Meu relato de memórias

por Rosangela Lambert

Talvez por sua complexidade e importância, a memória é uma das funções neuropsicológicas mais estudadas em diferentes campos científicos. São envolvidos diversos processos de recepção, arquivamento, recordações, informações e identidades. Os nomes técnicos também são muitos: memória de curto prazo, de longo prazo, explícita, implícita, episódica, semântica, de procedimento… Sem dúvida, um “lugar” multifacetado.

E o que dizer da memória do coração? Será que ela existe? Uma memória que dispensa nomes técnicos ou explicações racionais para nos fazer chorar, suspirar, lamentar, sorrir, desejar, sentir, aprender, conhecer, viver! Eu a chamo de “memória do eu”. Rica de sentidos, significados e subjetividades, a ela está atrelado todo o meu eu: quem eu fui, quem eu sou e quem eu serei. Na “memória do eu” tudo é permitido: caixas de sapatos[1] que guardam fotos velhas, cheiro de café passado no coador de pano, barulho de trem, muitas histórias, também objetos concretos, cujos valores não são possíveis de se mensurar. Tudo lá, misturado a lembranças, esquecimentos e silêncios.

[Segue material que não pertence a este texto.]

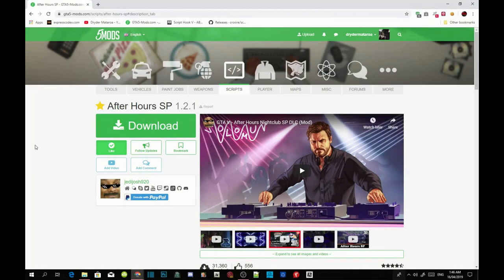Welcome back guys, this video is all about the After Hours nightclub in single player. All you guys got to do is download all the requirements that are inside my description below and make sure that they are the latest version. Once you've completed doing that, make sure you download NativeUI. And once you complete that, make sure you download this mod. I will leave this mod inside my description below so you guys can download it.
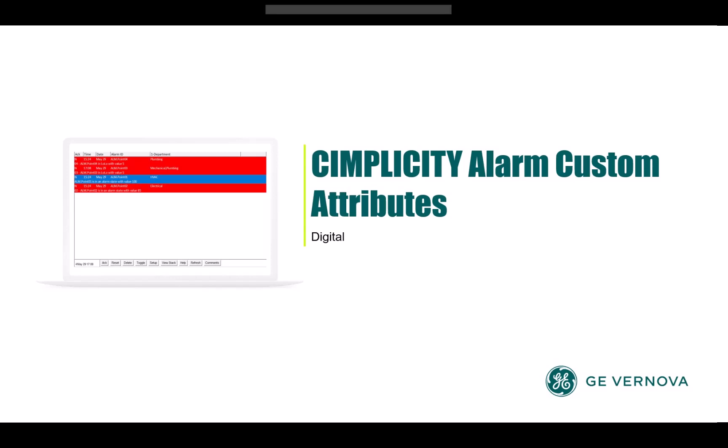Hello everyone, today we will introduce you to Simplicity Alarm Custom Attributes, first introduced in the Simplicity 2023 release.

Existem fatos da “memória do eu” que compartilhamos com os outros, ou porque escolhemos ou porque escolheram por nós. Alguns esquecemos, que pena… foram tão bons! Outros ainda lembramos, mesmo desejando esquecer. Outros nem ousamos dizer! Melhor calar. Às vezes nos cabe decidir o que vai para a caixa de sapatos e o que não vai.

Uma de minhas importantes “memórias do eu” leva-me a uma tarde de sábado. Eu estava assistindo a um programa de televisão quando vi, pela primeira vez, uma pessoa tocando um instrumento enorme, preto, com muitas teclas, brancas e pretas. Seus dedos deslizavam de forma magnífica, de tal modo que meus olhos ficaram estatelados! Pianista e piano, numa perfeita simbiose, hipnotizaram-me por completo. Eu devia ter meus sete ou oito anos. Lembro-me que me perguntei: “como ele sabe tocar se não há números ou cores?” Realmente espantoso!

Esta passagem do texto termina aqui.